▶ Records for the exercise:
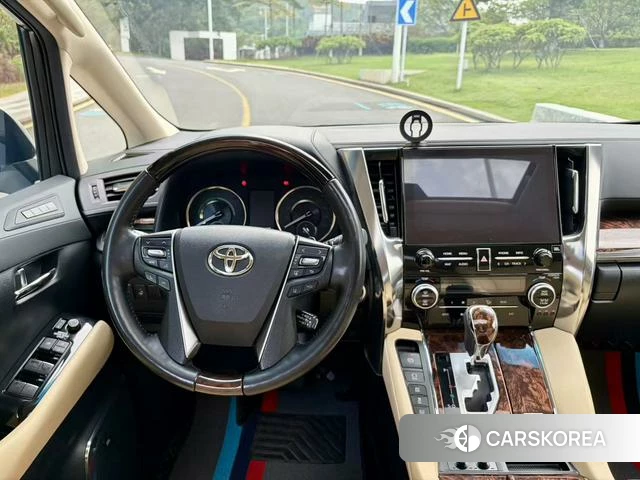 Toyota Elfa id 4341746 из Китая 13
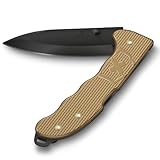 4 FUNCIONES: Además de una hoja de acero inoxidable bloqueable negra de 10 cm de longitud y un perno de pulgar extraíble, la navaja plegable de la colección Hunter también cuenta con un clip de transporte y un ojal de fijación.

...

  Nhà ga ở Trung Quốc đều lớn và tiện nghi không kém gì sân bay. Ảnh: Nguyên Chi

▶ Task objective:
Set the pictures aside and retype exactly the lines above from the line with "Toyota Elfa id 4341746 из Китая 13" to the line with "4 FUNCIONES: Además", both included, adding no others.

▶ Exercise response:
 Toyota Elfa id 4341746 из Китая 13
 4 FUNCIONES: Además de una hoja de acero inoxidable bloqueable negra de 10 cm de longitud y un perno de pulgar extraíble, la navaja plegable de la colección Hunter también cuenta con un clip de transporte y un ojal de fijación.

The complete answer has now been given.